Yirgalem Fisseha Mebrahtu (Amharic: ይርጋለም ፍስሃ መብራቱ; born 1981) is an Eritrean poet, writer and journalist. In 2009, she was arrested by the Eritrean government and imprisoned. Since 2018, she has been living in exile in Munich with the support of the PEN Center Germany.
Born in 1981 in Adi Keyh,[1] Yirgalem Fisseha Mebrahtu has written poetry since she was a child. From the mid-1990s, she has taken part in literary events, first at her school and later in private and state media. She founded the Adi Keyh Literature Club with other young writers, which was part of a network of similar groups perceived as reviving Eritrean literature.[2] Until private media was banned in 2001, she worked as an independent journalist and published poems in literary magazines. In 2002 she attended the Teacher Training Institute in the capital Asmara. From September 2003 to February 2009, she was a writer, presenter and program director at the Radio Bana radio station of the Eritrean Ministry of Education. There she produced health news, interviewed doctors and provided information about HIV.[3]
On 9 February 2009, she was arrested with about 30 other people in the radio station building, and she was the only woman among those arrested.[4] She was accused of having ties to foreign media, other charges included allegedly plotting to assassinate the President and belittling politicians.[5] She spent the first two years in solitary confinement in Mai Swra prison, where she was also tortured. After 6 years in prison without charge and without trial, she was released in 2015. Around 2017, she attempted to flee Eritrea but was arrested at the border and imprisoned again for four months. After her release, she managed to escape to Uganda.[6] [7] Other journalists who received similar mistreatment include: Bereket Misghina, Basilios Zemo, and Meles Negusse Kiflu.[8]
The circumstances of her imprisonment received significant international media attention, in the context of a debate on human rights in Eritrea.[9] [10] [11] She was supported by PEN International. In 2014, Reporters Without Borders included her in their first list of 100 Press Freedom Heroes.[12]
In December 2018, she was able to come to Munich as a recipient of the Writers-in-Exile grant from the PEN Center Germany.[13] Her successor in the PEN apartment was Stella Nyanzi.[14]
In 2019, she published 130 poems written prior to imprisonment and after her release from exile.
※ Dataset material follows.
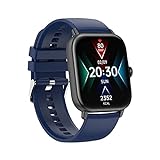 Hailmkont #jeXs21 Smartwatch für Damen und Herren IP67 wasserdichte Fitness Smartwatch mit HEA-Rt Rate Monitor & Schlaf-Tracker & Unterstützung Blau, Blau #Ksimk9, M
They first appeared as ኣለኹ (I'm alive) written in Tigrinya; in 2022 the German translation was published.[15] According to the publisher, the poems fall into two categories: "calm, cowardice and modesty and courage" on the one hand and "the high point of tension, the battlefield of vice and decency, violence and justice, the destruction and continuity of generations" on the other, persecution and death."[16] In 2022, 33 short stories and essays were published in Tigrinya in which she freed herself from her persecution and chose freer subjects.